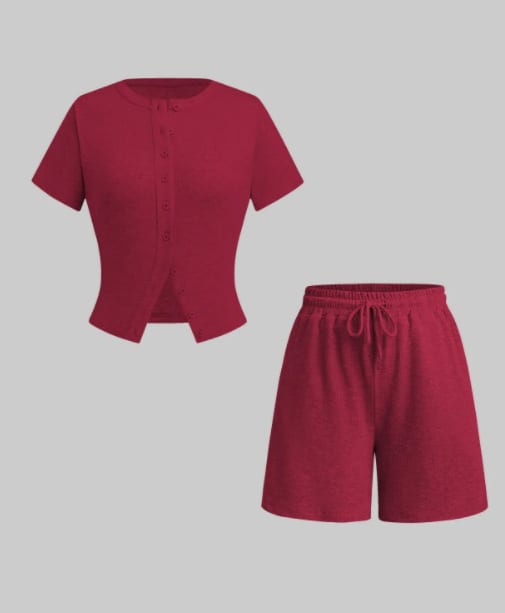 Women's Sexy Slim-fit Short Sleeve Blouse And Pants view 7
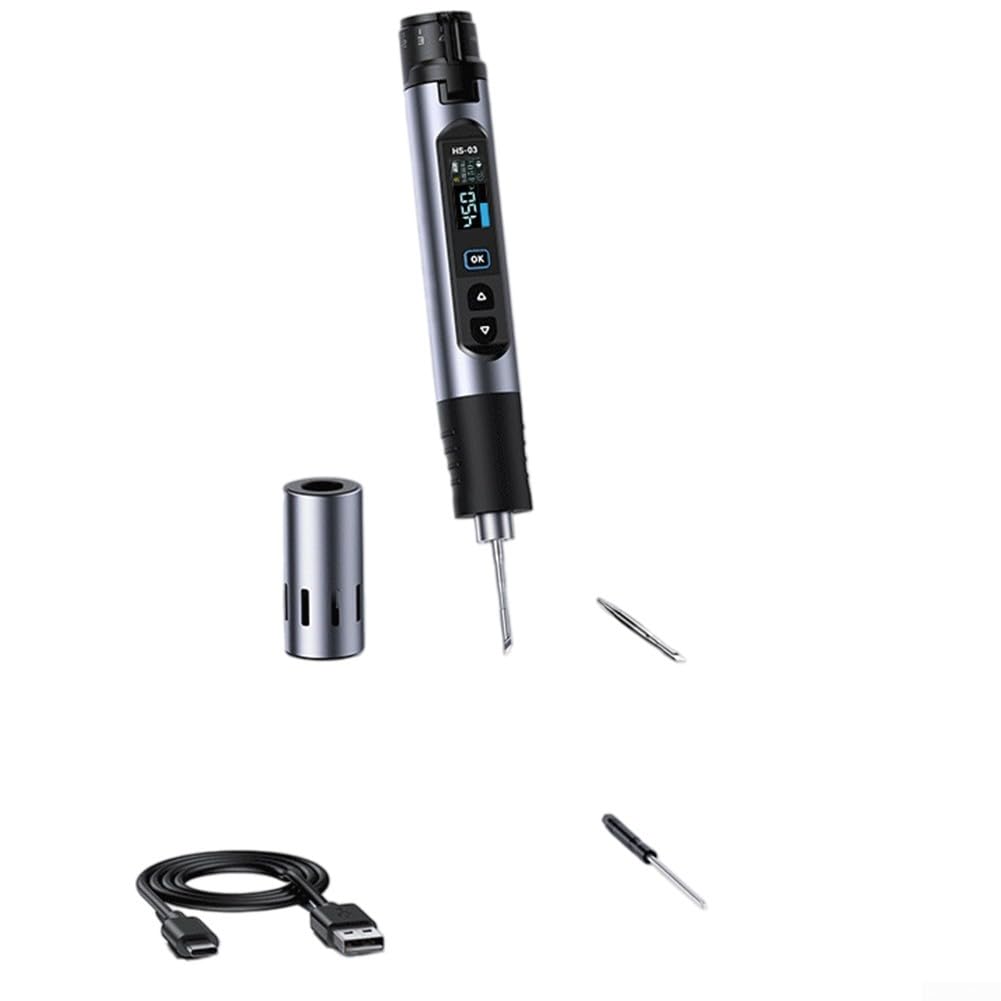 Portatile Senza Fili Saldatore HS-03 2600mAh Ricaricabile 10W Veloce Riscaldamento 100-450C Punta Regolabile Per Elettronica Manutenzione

--

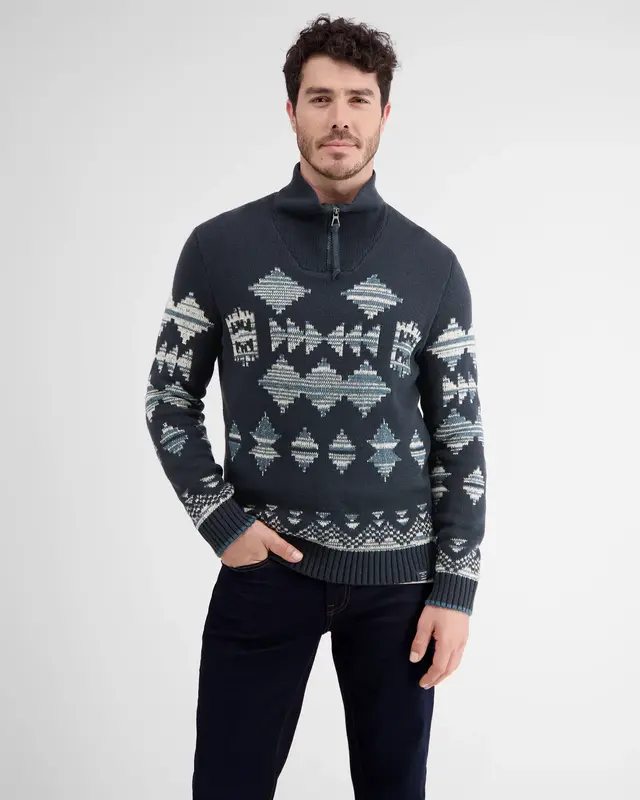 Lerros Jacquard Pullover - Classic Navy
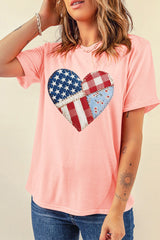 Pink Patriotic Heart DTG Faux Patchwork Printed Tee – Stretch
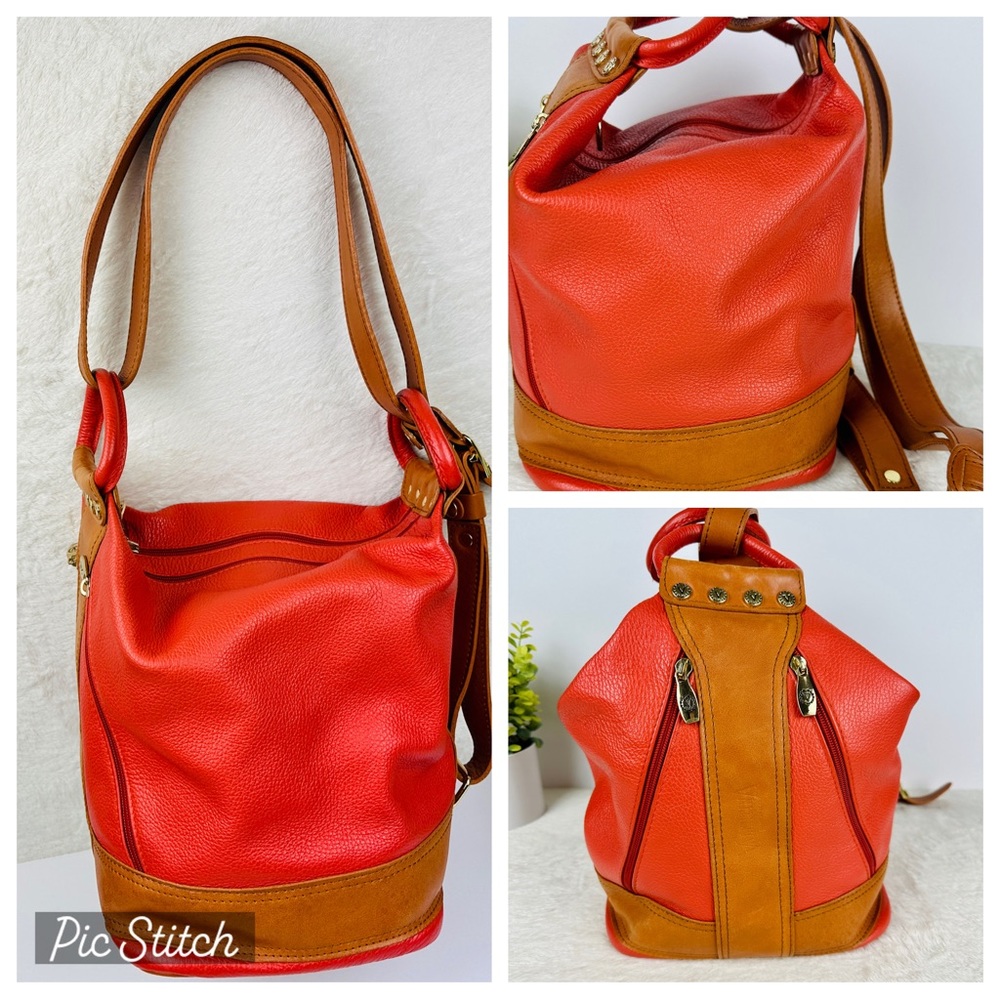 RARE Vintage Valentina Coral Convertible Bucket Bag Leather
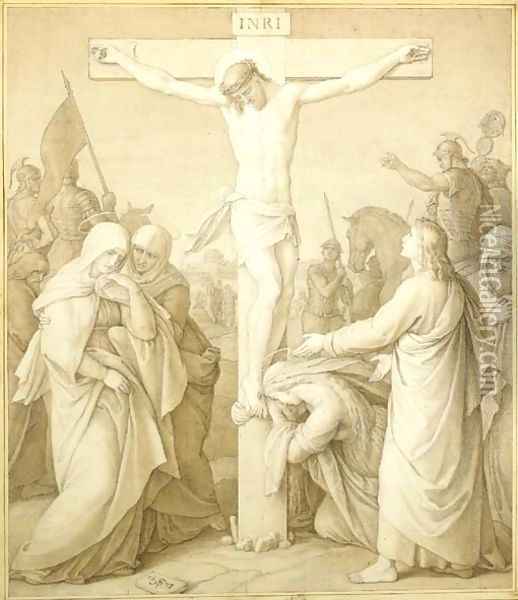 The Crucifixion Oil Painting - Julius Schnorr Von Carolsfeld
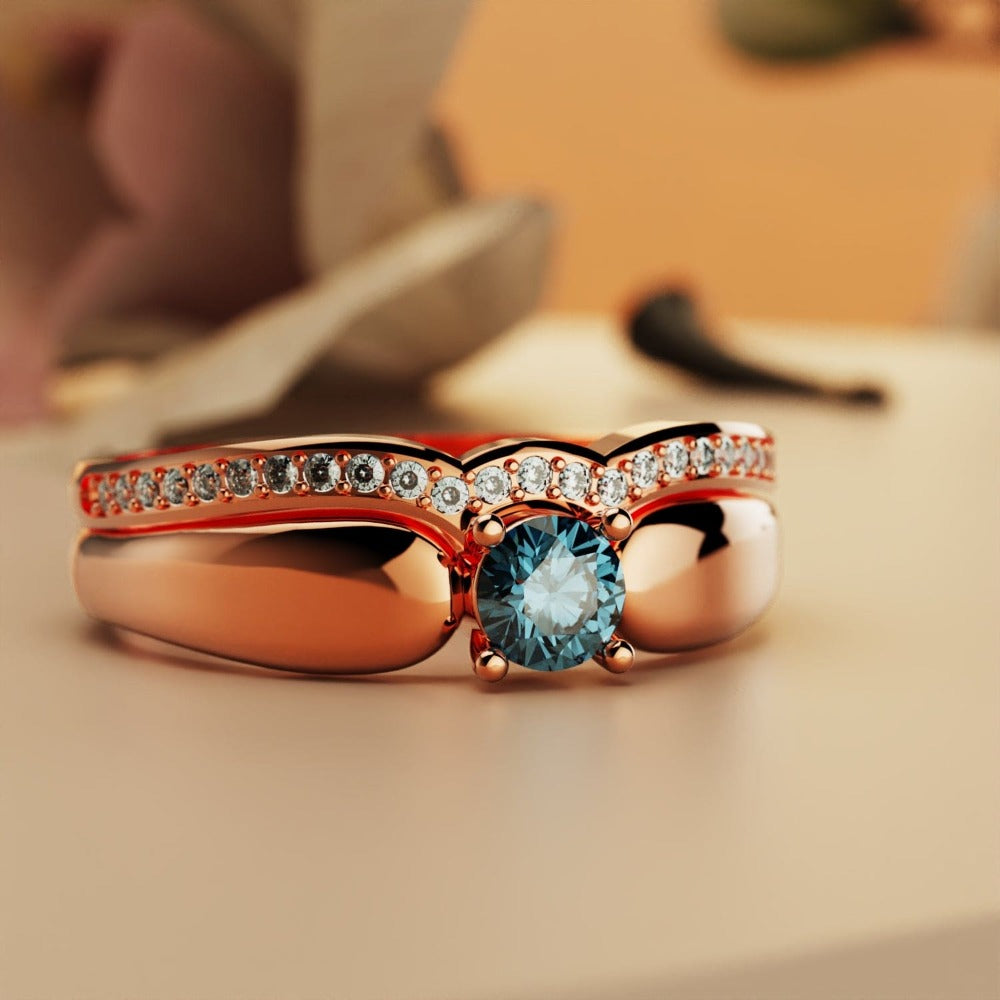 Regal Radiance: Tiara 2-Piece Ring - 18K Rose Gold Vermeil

...

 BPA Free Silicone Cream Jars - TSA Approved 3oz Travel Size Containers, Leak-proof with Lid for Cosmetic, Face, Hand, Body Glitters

(Work task):
To complete this exercise, transcribe exactly the lines above from the one that holds "Lerros Jacquard Pullover - Classic Navy" through the one that holds "Regal Radiance: Tiara". Pictures stay out.

(Response area):
 Lerros Jacquard Pullover - Classic Navy
 Pink Patriotic Heart DTG Faux Patchwork Printed Tee – Stretch
 RARE Vintage Valentina Coral Convertible Bucket Bag Leather
 The Crucifixion Oil Painting - Julius Schnorr Von Carolsfeld
 Regal Radiance: Tiara 2-Piece Ring - 18K Rose Gold Vermeil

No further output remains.